The summer writing workshop at Humber is occupying almost every moment of this week, and for details of what’s going on there, see my posts at the Newsroom at Humber, starting this week.
On the home front, I am going through Janice’s edits slowly, but should be able to finish them pretty quickly once the workshop finishes. As soon as I do, I’ll hand in my corrected novel manuscript, pick up my research material for the next novel from the library, and after that, I’ll be in electricity-free places in the north, and therefore out of computer contact and this blog will lie fallow until the end of August.
But before I sign off for the summer, I wanted to make a quick mention of another article that talks about the narratives in conflict in Eastern Europe. This is Timothy Snyder’s article in the New York Review of books, one that talks about the fraught resistance movements in Poland at the end of the war.

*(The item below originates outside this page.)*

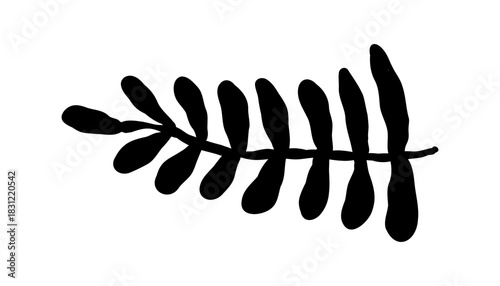 Simple vector leaf with thick hand drawn lines. Minimal botanical element in monochrome style. Vector illustration on an isolated background.
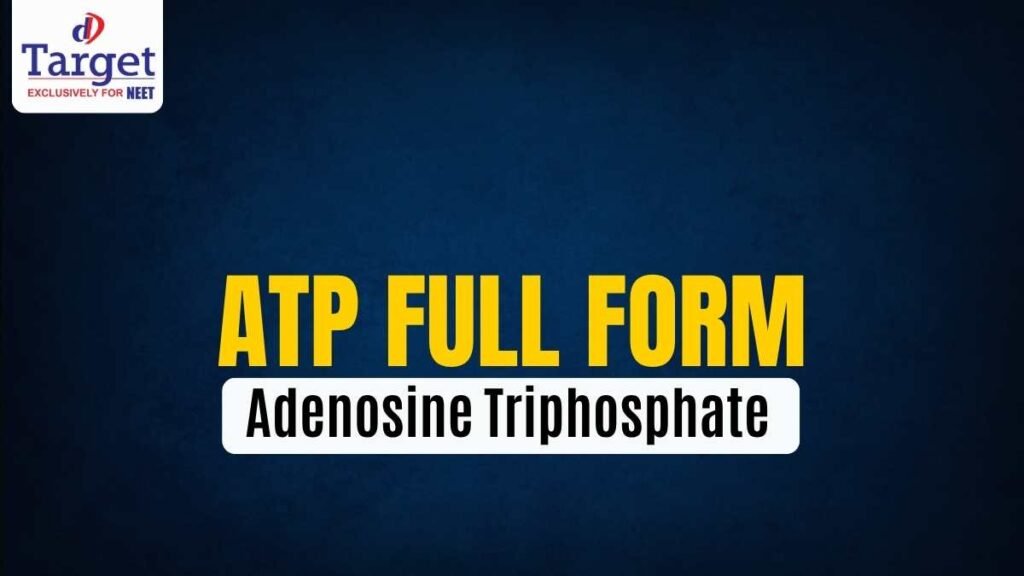 ATP Full Form Adenosine Triphosphate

The significant sentences are the following:
… For the Home Army (The Polish nationalist resistance army) the Soviet advance meant the arrival of a dubious ally against the Germans as well as an impending threat to Polish independence. For Jews it meant life. This basic difference in perspectives, a result of the Holocaust, was difficult to overcome ….
Considering that some of the Lithuanians fought against both the Home Army and the Soviets, the situation is even more complicated in Lithuania and more complicated yet again in Ukraine.
History can wait a little longer for further analysis – at the end of this week I’ll be gone fishing.